* [Work task]:
Retype, exactly as they appear below, the lines between the line holding "Rosita Cod Liver" and the line holding "Pad (Black) Small", both ends included.

[Scraped caption text data]
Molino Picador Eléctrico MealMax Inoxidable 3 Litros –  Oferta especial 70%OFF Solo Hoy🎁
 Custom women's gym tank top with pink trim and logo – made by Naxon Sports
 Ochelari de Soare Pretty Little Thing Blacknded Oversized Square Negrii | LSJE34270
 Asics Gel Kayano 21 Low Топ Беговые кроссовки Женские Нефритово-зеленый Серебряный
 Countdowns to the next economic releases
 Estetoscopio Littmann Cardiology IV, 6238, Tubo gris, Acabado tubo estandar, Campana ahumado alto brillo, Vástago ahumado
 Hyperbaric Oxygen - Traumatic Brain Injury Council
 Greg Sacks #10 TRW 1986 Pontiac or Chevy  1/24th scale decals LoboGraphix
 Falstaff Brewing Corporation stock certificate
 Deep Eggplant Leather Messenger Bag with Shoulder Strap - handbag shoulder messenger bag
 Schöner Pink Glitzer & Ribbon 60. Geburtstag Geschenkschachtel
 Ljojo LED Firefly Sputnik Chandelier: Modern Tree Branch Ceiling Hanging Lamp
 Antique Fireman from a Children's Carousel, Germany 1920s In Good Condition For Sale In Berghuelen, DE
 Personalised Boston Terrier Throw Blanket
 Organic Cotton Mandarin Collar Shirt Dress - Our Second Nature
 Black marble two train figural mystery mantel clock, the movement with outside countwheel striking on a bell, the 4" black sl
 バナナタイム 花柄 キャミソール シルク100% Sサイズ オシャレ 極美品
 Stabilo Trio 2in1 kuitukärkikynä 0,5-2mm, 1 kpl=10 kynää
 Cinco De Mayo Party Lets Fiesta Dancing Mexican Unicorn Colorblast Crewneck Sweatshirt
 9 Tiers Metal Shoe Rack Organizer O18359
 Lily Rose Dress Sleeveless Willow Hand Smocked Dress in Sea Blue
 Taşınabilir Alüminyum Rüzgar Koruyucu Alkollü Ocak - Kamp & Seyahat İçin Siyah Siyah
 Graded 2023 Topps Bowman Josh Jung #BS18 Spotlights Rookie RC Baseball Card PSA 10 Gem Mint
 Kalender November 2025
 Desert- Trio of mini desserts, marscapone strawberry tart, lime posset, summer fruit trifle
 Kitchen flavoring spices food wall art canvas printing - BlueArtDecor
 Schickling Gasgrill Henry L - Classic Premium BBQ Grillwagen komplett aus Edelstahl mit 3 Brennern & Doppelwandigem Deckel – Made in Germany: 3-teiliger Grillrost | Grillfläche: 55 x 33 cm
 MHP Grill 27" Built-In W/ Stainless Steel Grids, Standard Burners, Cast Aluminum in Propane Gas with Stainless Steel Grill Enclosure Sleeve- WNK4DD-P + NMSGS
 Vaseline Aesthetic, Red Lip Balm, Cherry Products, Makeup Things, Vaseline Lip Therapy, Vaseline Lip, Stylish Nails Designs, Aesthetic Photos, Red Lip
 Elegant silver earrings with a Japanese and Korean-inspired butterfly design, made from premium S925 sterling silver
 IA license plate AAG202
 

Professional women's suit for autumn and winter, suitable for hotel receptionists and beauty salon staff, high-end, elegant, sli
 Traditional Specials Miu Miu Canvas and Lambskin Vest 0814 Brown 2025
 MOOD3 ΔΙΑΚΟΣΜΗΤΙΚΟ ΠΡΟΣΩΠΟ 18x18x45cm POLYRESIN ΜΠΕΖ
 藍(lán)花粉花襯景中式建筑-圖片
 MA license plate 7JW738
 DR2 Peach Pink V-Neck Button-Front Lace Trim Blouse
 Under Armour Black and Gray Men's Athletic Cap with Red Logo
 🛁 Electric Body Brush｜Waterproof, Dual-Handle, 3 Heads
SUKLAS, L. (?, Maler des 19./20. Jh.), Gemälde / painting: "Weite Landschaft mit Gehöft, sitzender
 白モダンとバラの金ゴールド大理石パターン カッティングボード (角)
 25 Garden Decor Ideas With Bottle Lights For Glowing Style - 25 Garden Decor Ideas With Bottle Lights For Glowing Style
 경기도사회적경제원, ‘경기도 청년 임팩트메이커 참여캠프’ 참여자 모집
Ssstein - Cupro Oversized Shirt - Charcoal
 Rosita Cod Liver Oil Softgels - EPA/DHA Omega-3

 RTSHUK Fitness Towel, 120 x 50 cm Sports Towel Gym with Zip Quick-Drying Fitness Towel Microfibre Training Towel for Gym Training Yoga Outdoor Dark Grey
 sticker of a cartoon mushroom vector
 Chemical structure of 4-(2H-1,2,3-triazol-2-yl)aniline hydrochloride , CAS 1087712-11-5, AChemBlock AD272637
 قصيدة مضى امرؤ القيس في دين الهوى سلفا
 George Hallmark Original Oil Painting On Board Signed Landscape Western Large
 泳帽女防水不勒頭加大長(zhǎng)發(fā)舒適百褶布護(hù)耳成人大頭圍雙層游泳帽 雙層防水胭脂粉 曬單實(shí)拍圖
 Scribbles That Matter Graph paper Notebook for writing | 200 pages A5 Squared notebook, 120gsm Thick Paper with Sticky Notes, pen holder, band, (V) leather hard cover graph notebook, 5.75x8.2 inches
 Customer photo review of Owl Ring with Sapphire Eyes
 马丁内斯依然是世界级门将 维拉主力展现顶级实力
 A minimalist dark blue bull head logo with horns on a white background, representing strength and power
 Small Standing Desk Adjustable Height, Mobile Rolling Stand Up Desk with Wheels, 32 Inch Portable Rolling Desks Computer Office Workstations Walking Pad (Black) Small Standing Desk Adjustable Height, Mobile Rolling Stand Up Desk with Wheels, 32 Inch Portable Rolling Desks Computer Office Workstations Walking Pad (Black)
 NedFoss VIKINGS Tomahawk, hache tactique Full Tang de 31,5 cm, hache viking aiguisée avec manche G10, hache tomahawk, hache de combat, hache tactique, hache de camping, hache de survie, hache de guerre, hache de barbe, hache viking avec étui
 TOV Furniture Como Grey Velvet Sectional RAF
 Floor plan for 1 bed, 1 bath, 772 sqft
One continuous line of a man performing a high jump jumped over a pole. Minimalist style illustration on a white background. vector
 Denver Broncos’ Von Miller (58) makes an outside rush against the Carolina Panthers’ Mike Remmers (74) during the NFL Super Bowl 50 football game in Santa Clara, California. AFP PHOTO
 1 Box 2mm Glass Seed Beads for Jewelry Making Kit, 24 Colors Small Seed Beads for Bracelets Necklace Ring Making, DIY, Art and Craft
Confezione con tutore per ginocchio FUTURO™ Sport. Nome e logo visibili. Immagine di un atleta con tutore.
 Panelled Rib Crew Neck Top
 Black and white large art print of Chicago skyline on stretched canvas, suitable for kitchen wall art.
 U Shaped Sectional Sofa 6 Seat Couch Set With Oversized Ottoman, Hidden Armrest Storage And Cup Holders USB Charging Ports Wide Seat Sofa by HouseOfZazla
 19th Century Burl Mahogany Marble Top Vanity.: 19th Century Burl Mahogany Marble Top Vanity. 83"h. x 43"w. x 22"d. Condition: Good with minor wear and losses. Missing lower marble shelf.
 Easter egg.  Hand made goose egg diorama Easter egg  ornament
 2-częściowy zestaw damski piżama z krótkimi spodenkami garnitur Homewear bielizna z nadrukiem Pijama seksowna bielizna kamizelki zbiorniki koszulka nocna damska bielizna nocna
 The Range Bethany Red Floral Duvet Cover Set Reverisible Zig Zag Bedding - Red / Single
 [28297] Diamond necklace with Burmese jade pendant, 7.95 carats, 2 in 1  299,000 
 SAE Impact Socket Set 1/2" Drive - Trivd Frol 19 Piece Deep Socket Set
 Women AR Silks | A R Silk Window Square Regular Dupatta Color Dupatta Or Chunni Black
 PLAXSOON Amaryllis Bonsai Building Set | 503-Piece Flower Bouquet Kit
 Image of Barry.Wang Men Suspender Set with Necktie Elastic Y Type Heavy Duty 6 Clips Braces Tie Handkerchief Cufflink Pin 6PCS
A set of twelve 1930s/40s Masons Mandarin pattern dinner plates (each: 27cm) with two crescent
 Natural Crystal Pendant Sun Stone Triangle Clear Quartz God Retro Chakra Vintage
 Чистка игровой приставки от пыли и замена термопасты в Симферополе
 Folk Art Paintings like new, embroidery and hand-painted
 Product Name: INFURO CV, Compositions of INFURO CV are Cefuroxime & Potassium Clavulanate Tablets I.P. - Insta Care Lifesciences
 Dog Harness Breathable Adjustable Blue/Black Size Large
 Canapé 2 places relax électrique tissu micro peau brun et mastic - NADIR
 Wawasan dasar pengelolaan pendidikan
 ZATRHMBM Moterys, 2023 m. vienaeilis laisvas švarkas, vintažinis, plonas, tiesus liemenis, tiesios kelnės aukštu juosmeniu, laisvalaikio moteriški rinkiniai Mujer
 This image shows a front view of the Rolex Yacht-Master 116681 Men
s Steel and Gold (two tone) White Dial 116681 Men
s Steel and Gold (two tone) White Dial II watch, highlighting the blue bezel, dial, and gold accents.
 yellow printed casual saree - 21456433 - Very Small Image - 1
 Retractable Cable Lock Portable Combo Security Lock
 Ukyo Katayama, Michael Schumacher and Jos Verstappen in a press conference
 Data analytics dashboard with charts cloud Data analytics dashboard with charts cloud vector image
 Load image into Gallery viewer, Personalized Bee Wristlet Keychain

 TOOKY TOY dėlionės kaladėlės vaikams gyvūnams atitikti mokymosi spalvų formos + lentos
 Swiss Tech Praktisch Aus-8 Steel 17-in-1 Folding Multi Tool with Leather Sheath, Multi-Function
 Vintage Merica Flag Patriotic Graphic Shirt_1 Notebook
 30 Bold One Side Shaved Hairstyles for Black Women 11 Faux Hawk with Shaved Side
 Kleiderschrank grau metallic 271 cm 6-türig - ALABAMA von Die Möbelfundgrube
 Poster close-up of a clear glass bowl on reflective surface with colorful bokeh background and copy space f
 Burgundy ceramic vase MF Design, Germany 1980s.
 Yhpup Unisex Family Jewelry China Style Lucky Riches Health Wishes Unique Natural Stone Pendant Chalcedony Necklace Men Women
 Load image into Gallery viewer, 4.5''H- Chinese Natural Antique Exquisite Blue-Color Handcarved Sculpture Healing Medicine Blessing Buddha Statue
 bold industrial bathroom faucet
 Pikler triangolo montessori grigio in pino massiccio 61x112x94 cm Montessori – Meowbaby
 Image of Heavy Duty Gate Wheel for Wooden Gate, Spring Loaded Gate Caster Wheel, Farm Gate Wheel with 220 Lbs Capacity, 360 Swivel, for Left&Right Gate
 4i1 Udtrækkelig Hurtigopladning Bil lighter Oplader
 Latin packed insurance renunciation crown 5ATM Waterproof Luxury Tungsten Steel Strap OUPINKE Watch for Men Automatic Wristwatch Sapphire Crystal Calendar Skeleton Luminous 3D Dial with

* [Exercise solution]:
 Rosita Cod Liver Oil Softgels - EPA/DHA Omega-3

 RTSHUK Fitness Towel, 120 x 50 cm Sports Towel Gym with Zip Quick-Drying Fitness Towel Microfibre Training Towel for Gym Training Yoga Outdoor Dark Grey
 sticker of a cartoon mushroom vector
 Chemical structure of 4-(2H-1,2,3-triazol-2-yl)aniline hydrochloride , CAS 1087712-11-5, AChemBlock AD272637
 قصيدة مضى امرؤ القيس في دين الهوى سلفا
 George Hallmark Original Oil Painting On Board Signed Landscape Western Large
 泳帽女防水不勒頭加大長(zhǎng)發(fā)舒適百褶布護(hù)耳成人大頭圍雙層游泳帽 雙層防水胭脂粉 曬單實(shí)拍圖
 Scribbles That Matter Graph paper Notebook for writing | 200 pages A5 Squared notebook, 120gsm Thick Paper with Sticky Notes, pen holder, band, (V) leather hard cover graph notebook, 5.75x8.2 inches
 Customer photo review of Owl Ring with Sapphire Eyes
 马丁内斯依然是世界级门将 维拉主力展现顶级实力
 A minimalist dark blue bull head logo with horns on a white background, representing strength and power
 Small Standing Desk Adjustable Height, Mobile Rolling Stand Up Desk with Wheels, 32 Inch Portable Rolling Desks Computer Office Workstations Walking Pad (Black) Small Standing Desk Adjustable Height, Mobile Rolling Stand Up Desk with Wheels, 32 Inch Portable Rolling Desks Computer Office Workstations Walking Pad (Black)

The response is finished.